Needless to say, the success of the free school I co-founded, or the 390 others that have opened since, has done little to change Fiona’s mind. Indeed, this month she is publishing a book entitled The Best For My Child: Did the Schools Market Deliver?, which argues the panoply of changes to education policy that have taken place since Kenneth Baker’s 1988 Education Reform Act have done little to improve outcomes. According to her, we need to move away from parental choice, which has led to social segregation, towards fairness and equality.
The first thing to be said about Fiona’s argument is that she misrepresents the reforms of the past 30 years as a ‘market experiment’ and treats the current state of affairs, which she refers to as ‘the wild west’, as if it were the apotheosis of free-market radicalism. In this way, if she can show that the impact of these changes has been negative, she can discredit the intellectual foundations of the education reform movement.
But of course, the policy initiatives of the past three decades have stopped well short of those recommended by Milton Friedman. No voucher system has been introduced, at least not beyond the nursery sector, and no for-profit company has been allowed to set up a taxpayer-funded school. The free-schools policy lowered some of the barriers to entry, but as Fiona pointed out, starting a school in the state sector is still fiendishly difficult. And for a variety of reasons, market failure doesn’t result in schools closing. What we have at the moment is a classic English fudge rather than a radical experiment.
But even allowing for that, has the impact of these reforms been negative? That’s a hard question to answer because there’s little hard data about the quality of schools before 1988 — you cannot compare exam results before and after because that was the year that O-levels and CSEs were replaced with GCSEs. I have finished my own review of the impact of various education reforms for the Institute of Economic Affairs and I wrestled with this issue. One trusted source is the OECD’s Programme of International Student Assessment (PISA), which evaluates the education systems of different countries based on tests taken by 15-year-olds in reading, maths and science. If you compare the scores of English schoolchildren in 2006 with their scores in 2015 (the pre-2006 data is unreliable) they have gone up slightly in reading and gone down in maths and science. Not much evidence there of the positive impact of the academies policy, introduced in 2002, or the free schools policy.

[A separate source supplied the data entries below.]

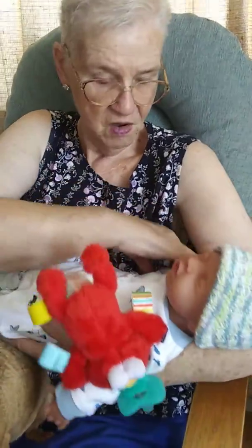This is a silicone baby. Oh my gosh, isn't he heavy? He weighs about 7 pounds, like a real baby.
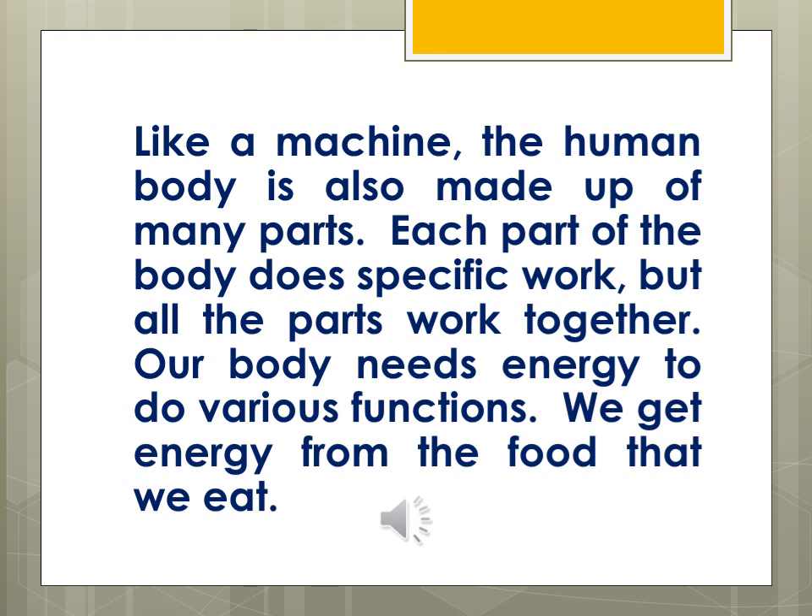Our body also needs energy to perform various functions, just like machines need fuel for their functioning. Similarly, the human body also needs energy or fuel for its working. We get energy from the food that we eat, so food is the fuel for our body. This is all for today's session — hope you are clear on how the human body is a living machine.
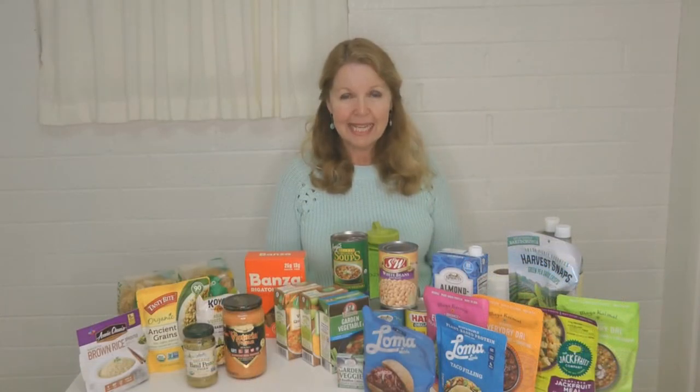Hi, it's AlaskaGranny. What are the types of foods that you could stockpile if you were vegan or vegetarian? It's just as important to have food on hand if you have special dietary requirements as it is if you just eat anything, so it's important for everyone no matter what your tastes to have extra food on hand.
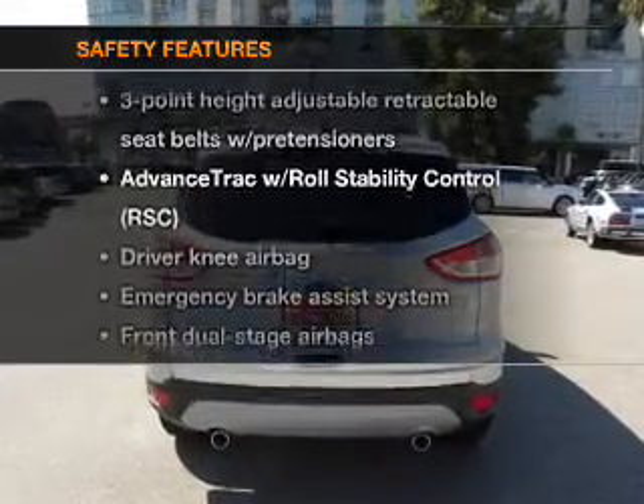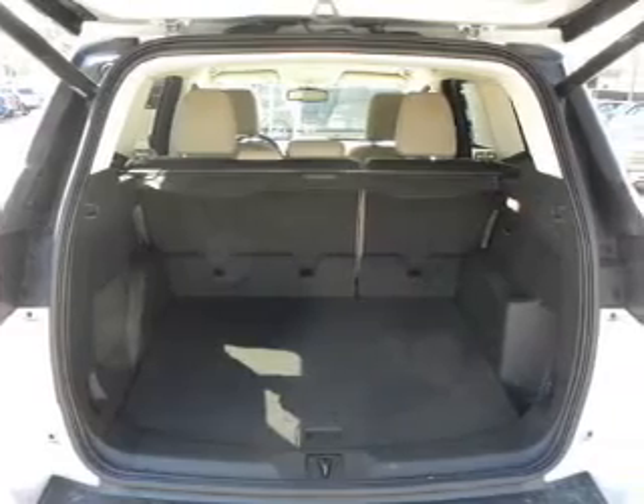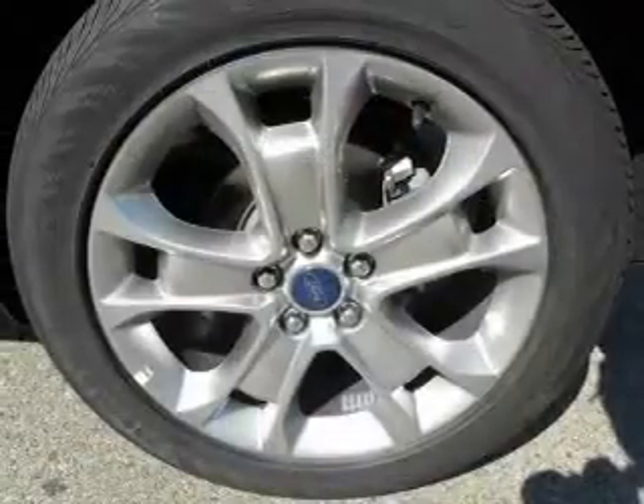If safety is a high priority, rest assured knowing these top safety components are included: traction control, stability control, low tire pressure warning. Call today to schedule a test drive.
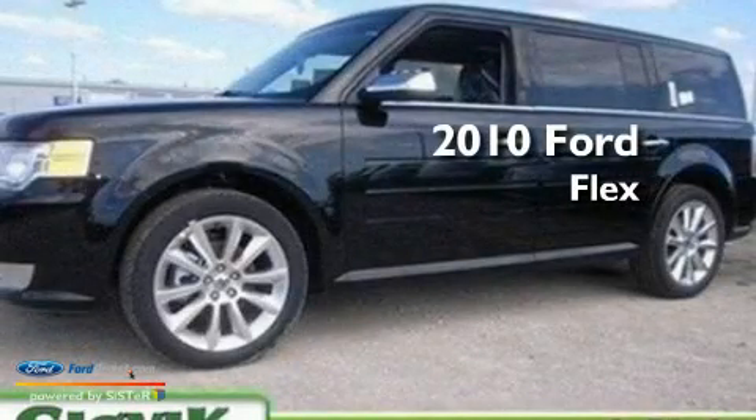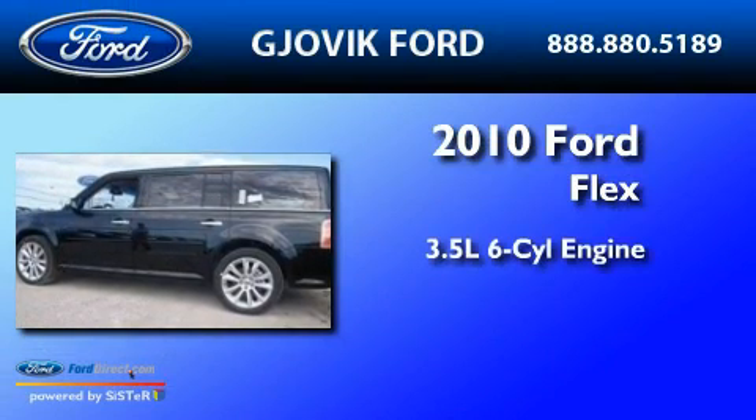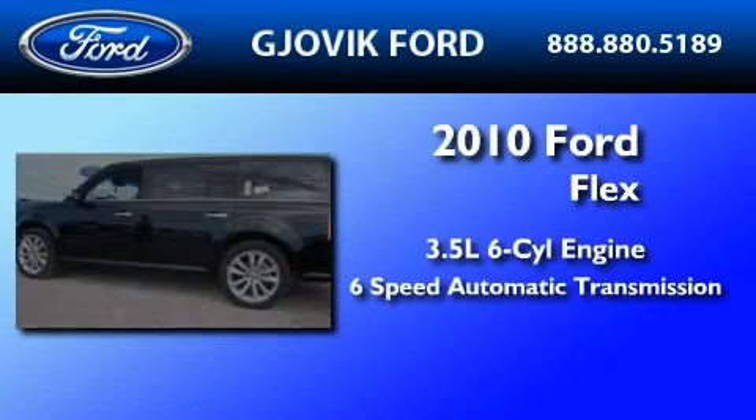This is a brand-new 2010 Ford Flex. It has a 3.5-liter six-cylinder engine and a six-speed automatic transmission.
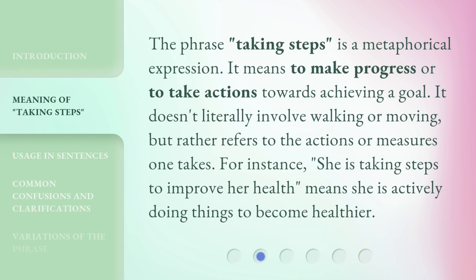The phrase 'taking steps' is a metaphorical expression. It means to make progress or to take actions towards achieving a goal. It doesn't literally involve walking or moving, but rather refers to the actions or measures one takes. For instance, 'she is taking steps to improve her health' means she is actively doing things to become healthier.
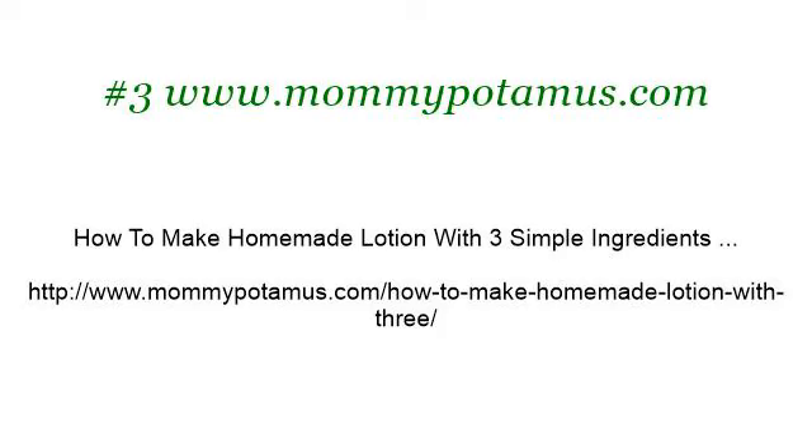Last but not least, try our third ranked site www.mommypottamuse.com. The web page How to Make Homemade Lotion with 3 Simple Ingredients. This is the link.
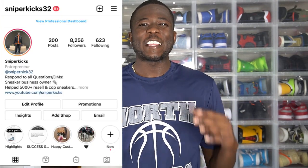What's good y'all? It is your boy Sniper Kicks and today's video we're gonna talk about LeBrons.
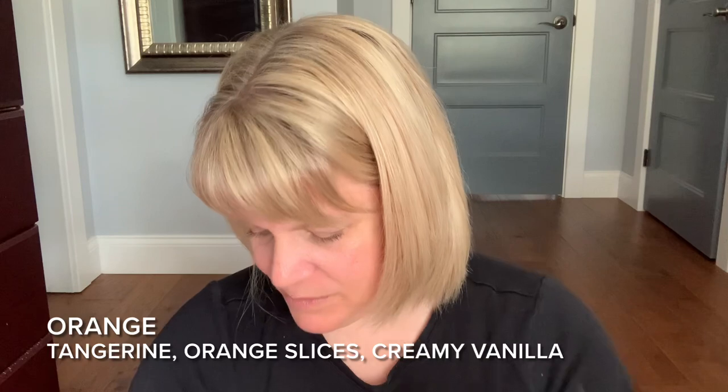Orange from the Chase Rainbows collection — tangerine, orange slices, creamy vanilla. But it doesn't smell like those things to me. I get a perfumey, not-very-good orange almost like nail polish remover, and sometimes I smell florals. Didn't really like this one.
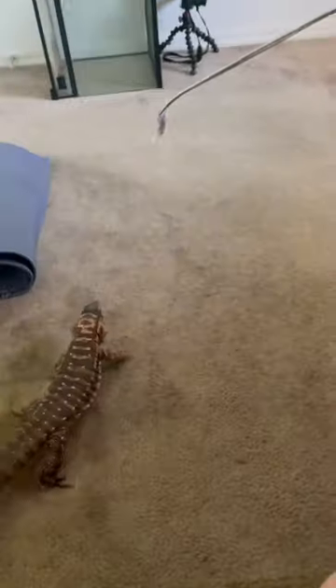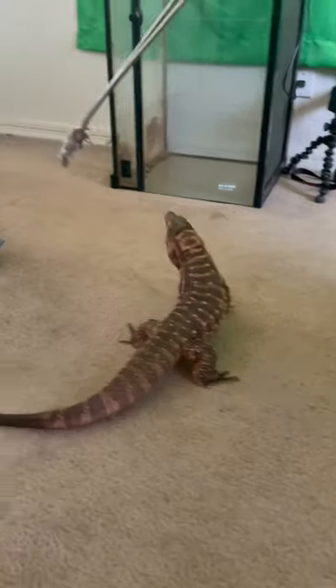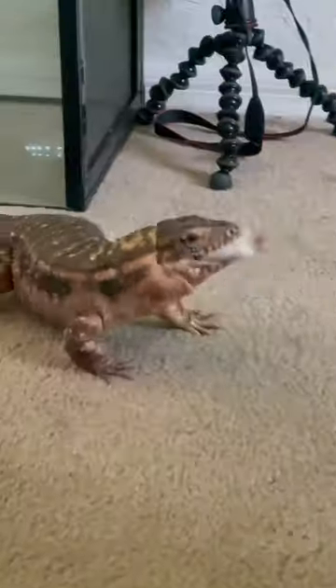It's feeding day, which means it's also a great opportunity for exercise, so we're going to try to make L work for these mice. That being said, if you don't want to see a big lizard eat what a big lizard has to eat, this is the time to scroll on.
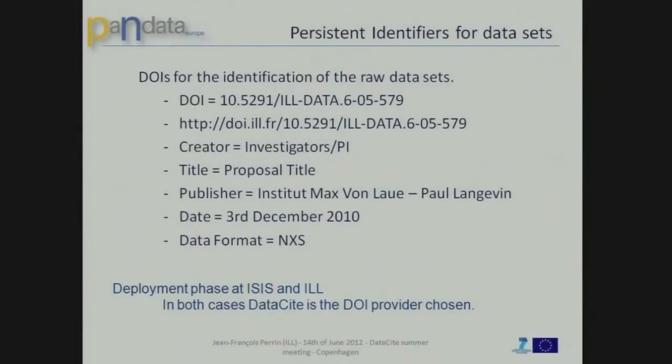And the DOI: because we want to identify the data, we quickly went for the DOI solution and DataCite. ISIS, which is a bit in advance, is working with the British Library, and the ILL is working with INIST. The data policy will apply — it has been published — to the proposal round that ended in February. It means that the data produced starting from October should be identified by a DOI.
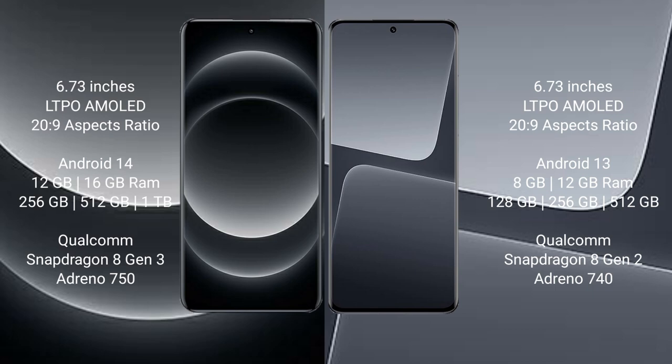Xiaomi 14 Ultra runs on the Android 14 operating system. Xiaomi 13 Pro runs on the Android 13 operating system.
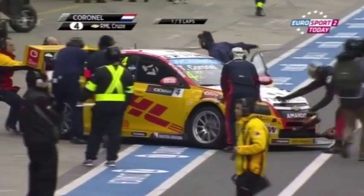Tom Coronel has called it a day. He's come around the Grand Prix loop and straight into the pits with a broken car. He doesn't even get out onto the Nordschleife.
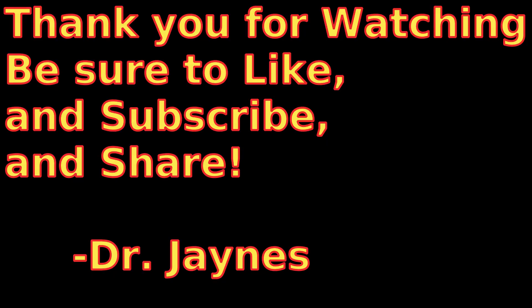Anyway, very interesting. This is Dr. James, and thanks for watching. We'll see you next time.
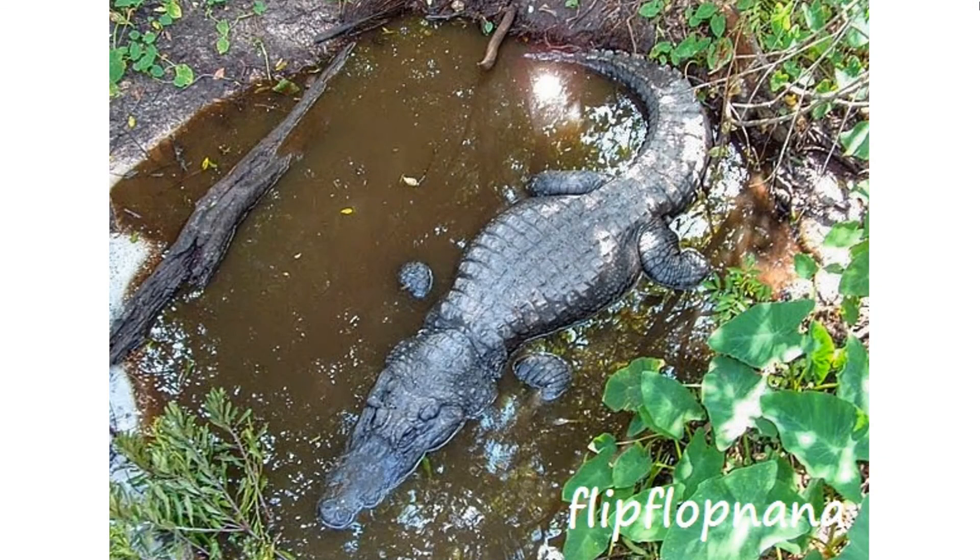Did you know that alligators sometimes dig alligator holes with their claws in the wetlands? These holes fill up with water, and during the dry season when water levels recede, they act like a pond where the alligator can cool off. Alligators also use these holes as bait to attract thirsty animals to catch and eat. They also serve as habitat for other animals such as frogs and fish during the dry season.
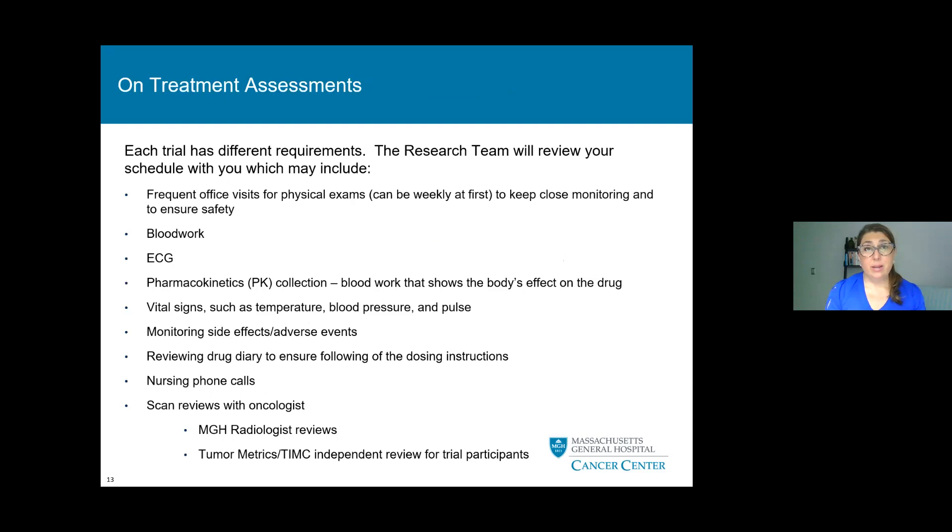On-treatment assessments can vary from trial to trial, and the research team will review your particular schedule with you. This may include frequent visits for physical exams — sometimes weekly at first to keep a close eye on things and ensure your safety. We also require blood work, EKGs, pharmacokinetic (PK) collection — blood work that shows the body's effect on the drug — vital signs monitoring including temperature, blood pressure, and pulse, and monitoring of side effects or adverse events. We review the drug diary to ensure dosing and following instructions, and you may receive extra nursing phone calls to check in periodically. Scan reviews with your oncologist will involve both MGH radiologist reviews and TIMC, our independent review for trial participants, so you have extra sets of eyes reviewing your scans.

However, if you look at the performance of children in Scotland and Wales, where there are no academies or free schools, they have declined further during the same period. Wales has fared particularly badly and one reason for that may be the Welsh government’s decision in 2001 to scrap the league tables introduced by Kenneth Baker. According to a team of researchers at Bristol University, that is one of the reasons a large attainment gap between Wales and other regions of the UK has opened up in the past two decades. So while the performance of England’s schoolchildren probably has declined slightly in the past 20 years or so, it looks as if the various reforms introduced since 1988 have arrested that decline.
My conclusion is that the impact of the education reforms of the past 30 years has been positive, particularly those introduced since 2010. This isn’t the time to abandon the ‘market-isation’ of England’s public education system, but to double down.